DATE: Sunday, June 15, 1997 TAG: 9706130004 SECTION: COMMENTARY PAGE: J4 EDITION: FINAL TYPE: Editorial LENGTH: 51 lines
Shocked by The Virginian-Pilot's front-page headline, ``Navy cuts cost area 10,400 jobs in '96''? We were - by the magnitude. But the trend in that direction has long been unmistakable.
Yes, Hampton Roads has not escaped pain accompanying the shrinking of the U.S. military in the post-Cold War era. The closing of the aircraft-repair center at Norfolk Naval Air Station, which employed highly skilled personnel at above-average wages and benefits, was a blow. Others have been delivered by cutbacks in the fleet and in shipbuilding and repair.
But the loss of 10,400 jobs - 8,000 performed by uniformed personnel, 2,400 by civilians - in one year is a jolt. And for every 10 Navy jobs lost, economist John Whaley estimates, four nondefense jobs disappear.
Whaley is on the staff of the Hampton Roads Planning District Commission. Tracking the ups and downs of the local economy is his duty. He has his finger on the region's pulse. But he professed to having been taken aback by release of an annual report noting 1996's fast drop - 866 jobs per month - in Navy employment in Hampton Roads.
``That's a bunch,'' he told staff writer Jack Dorsey. ``I find that to be surprising, if not shocking.''
Not fatal, of course. And the expected transfer of F/A-18 Hornets from Cecil Field, Fla., to Oceana Naval Air Station in Virginia Beach will ease the pain. It promises to bring 5,100 personnel to the region. But as the downsizing of the military continues, Hampton Roads won't be immune. A new round of BRAC closings could have an impact here. That makes efforts at economic development increasingly important.
The region's business and financial leadership, working with colleges, universities and the military, initiated early in the '90s a broad-based effort to identify the strengths and weaknesses of the Hampton Roads economy and to promote economic development aimed at expanding the number of well-paying jobs.
As many localities have learned, defense cuts need not be a death warrant. Fearing disastrous economic decline, community after community has aggressively - and successfully - marketed its merits to established industries, investors and entrepreneurs.
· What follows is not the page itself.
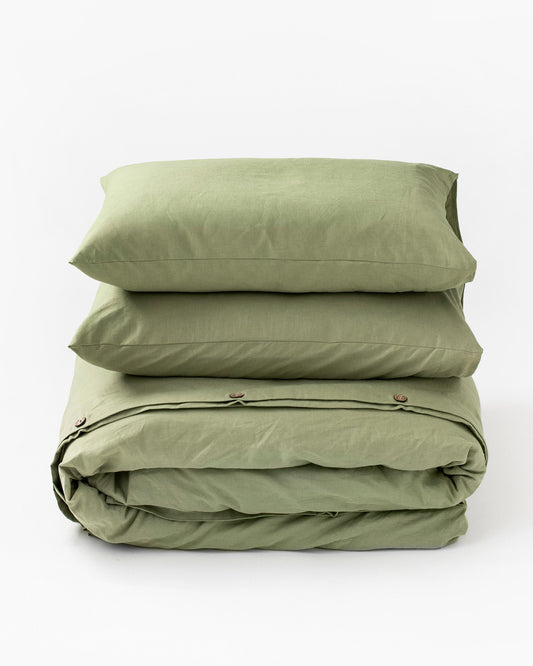 Sage linen-cotton duvet cover set (3 pcs)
Meanwhile, Hampton Roads' economy is growing - a reflection of the continuing robust national economic performance, to be sure - but also attributable in no small measure to the surprisingly fast rise in the volume of waterborne cargo through Hampton Roads' terminals.
Smooth sailing is not the norm for any economy, but as the Pentagon contribution to the well-being of the Hampton Roads economy dwindles, the focused regional drive for economic development to make up the difference must gather strength and speed.